Read the document about shell built-in commands.

Shells have built-in commands. Some of Bash’s built-ins include commands like help, pwd, type, and cd.

$ type cd
cd is a shell builtin

help is a builtin command that provides usage information on other builtin commands.

Tip

To see the list of Bash’s builtin commands, simply type help without any arguments.

To display the help for a builtin, you can either do man bash and search for that command or simply use help builtin. Start with this:

$ help help
$ help

Yes, run help without arguments once to see a list of Bash’s builtin commands.

Then try some others:

$ help <some builtin command>

$ help help
$ help builtin
$ help .
$ help source
$ help command
$ help [
$ help [[
$ help echo
$ help printf
# etc...

info

First:

$ info info
$ man info
$ info --help
Note

Of course, on Arch Linux, we are fine, but on Ubuntu, we need to apt install texinfo-doc-nonfree to have the info stuff available.

Generally, info pages are more user-friendly and tutorial-like than man pages. To read info pages, do

$ info <program or command>
$ info ed
$ info sed
$ info bash
Note

Not all programs and commands have info pages, and when an info page does not exist for a given command, info shows the man page instead. vi, vim and rsync are some such programs.

You can also open info directly into a section of an info document (if you know the name of the section), something like:

$ info sed 'execution cycle'

Programs in the coreutils group have an invocation section:

$ info coreutils

$ info '(coreutils) echo invocation'
$ info coreutils 'echo invocation'

$ info '(coreutils) printf invocation'
$ info coreutils 'printf invocation'

$ info '(coreutils) kill invocation'
$ info coreutils 'kill invocation'

From GNU Emacs, you can read the info pages with:

C-h i m <command>

# For example:
C-h i m sed

Info has a lot of nomenclature, concepts and commands. info info explains about commands to find stuff inside info, navigate documents, etc. It is a somewhat complex system. Yet, a powerful one.

info summary

$ info emacs --node Files
$ info '(emacs)Files'

$ info /usr/local/share/info/bash.info
$ info ~/docs/doc.info

$ info sed 'sed scripts' 'the "s" command'
$ info emacs 'user input'

Run info info 'moving the cursor'.

Note

META (or ALT) can also be achieved by hitting ESC, e.g. ESC-f for forward-word. And ESC itself can be produced with C-[. DEL is Backspace.

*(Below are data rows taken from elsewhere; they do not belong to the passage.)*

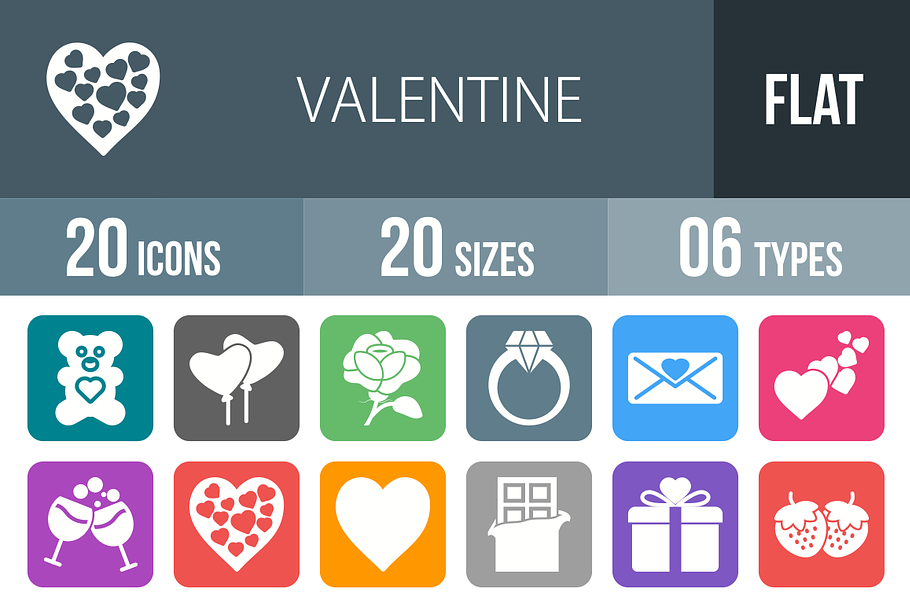 20 Valentine Flat Round Corner Icons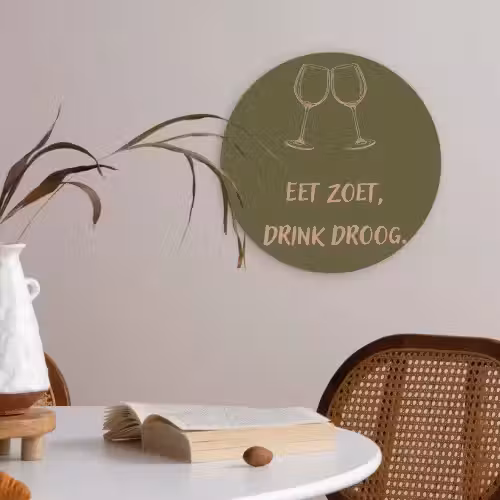 Roze - Groen - Wijn - Quote Akoestische PET Vilt - Rond klein -sfeer3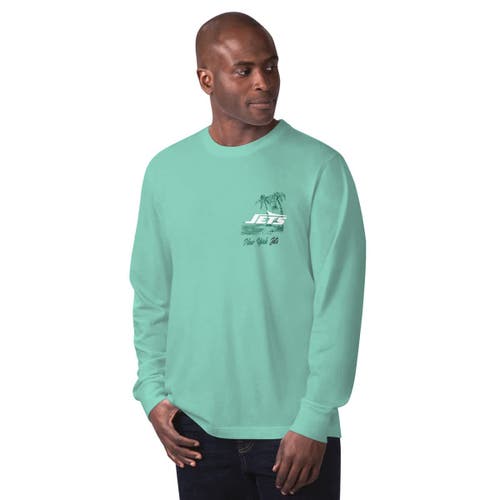 Margaritaville Mint New York Jets It's Five O'clock Somewhere Long Sleeve T-shirt In Green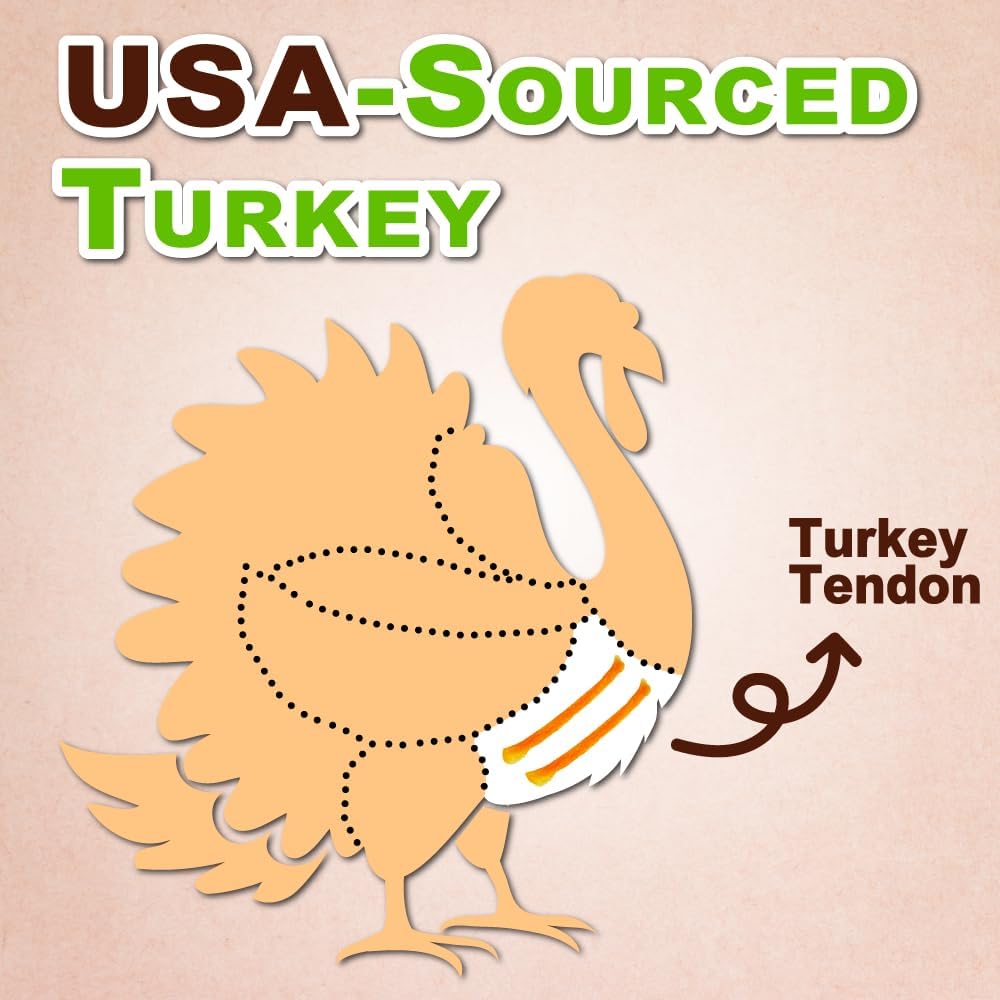 Afreschi Natural Turkey Tendon Rope (L) 10 oz, USA-Sourced Turkey Tendon, All Natural Puppy Chew, Hypoallergenic, Rawhide Alternative, for Large Breeds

For a quick glance at all info commands and key bindings, open any info page, and press C-h.

man

$ man man
$ man --help
$ man foo

When someone tells you something like “it is docummented in some-command (3)”, they mean it is in section 3 of the man pages. Then you would do man 3 some-command or man some-command.3:

A real example of that could be with the printf(1) command or printf(3) from the C Standard Library:

$ man 1 printf
$ man printf.1

$ man 3 printf
$ man printf.3

If we don’t know what a man page name would be, we can search the man page names and their sort descriptions by using -k, which accepts a regular expression. By the way, man -k pattern is the same as apropos pattern.

Tip

If apropos or man -k says “nothing appropriate”, read man mandb and then run mandb as root.

$ man -k bc
... produces to many results...

So, let’s match commands that start with “bc”:

man -k ^bc on Ubuntu 19.04

$ man -k ^bc
bc (1)               - An arbitrary precision calculator language
bccmd (1)            - Utility for the CSR BCCMD interface
bcmp (3)             - compare byte sequences
bcopy (3)            - copy byte sequence

man -k ^bc on Arch Linux as of September, 2019

$ man -k ^bc
BC (3x)              - direct curses interface to the terminfo capability dat...
bc (1)               - An arbitrary precision calculator language
bc (1p)              - arbitrary-precision arithmetic language
bcmp (3)             - compare byte sequences
bcomps (1)           - biconnected components filter for graphs
bcopy (3)            - copy byte sequence
Note

On Ubuntu, bc (1p) wasn’t available, but it was on Arch Linux.

Note

A “p” right after a section number of a man page means the standard POSIX program/behavior. “bc (1p)” refers to the POSIX specs and behavior, while

Section numbers are more or less standard across Unix-like OSes, but the letters may vary.

Finding Info Node Names

$ info sed --output - | grep '^\*\s.\+::'
* Introduction::               Introduction
* Invoking sed::               Invocation
* sed scripts::                'sed' scripts
* sed addresses::              Addresses: selecting lines
* sed regular expressions::    Regular expressions: selecting text
* advanced sed::               Advanced 'sed': cycles and buffers
* Examples::                   Some sample scripts
* Limitations::                Limitations and (non-)limitations of GNU 'sed'
* Other Resources::            Other resources for learning about 'sed'
* Reporting Bugs::             Reporting bugs
* GNU Free Documentation License:: Copying and sharing this manual
* Concept Index::              A menu with all the topics in this manual.
* Command and Option Index::   A menu with all 'sed' commands and

$ info sed 'sed scripts' --output - | grep '^\*\s.\+::'
* sed script overview::      'sed' script overview
* sed commands list::        'sed' commands summary
* The "s" Command::          'sed''s Swiss Army Knife
* Common Commands::          Often used commands
* Other Commands::           Less frequently used commands
* Programming Commands::     Commands for 'sed' gurus
* Extended Commands::        Commands specific of GNU 'sed'
* Multiple commands syntax:: Extension for easier scripting

Then we use the names on the left column of the output above to read info for that command on that specific section.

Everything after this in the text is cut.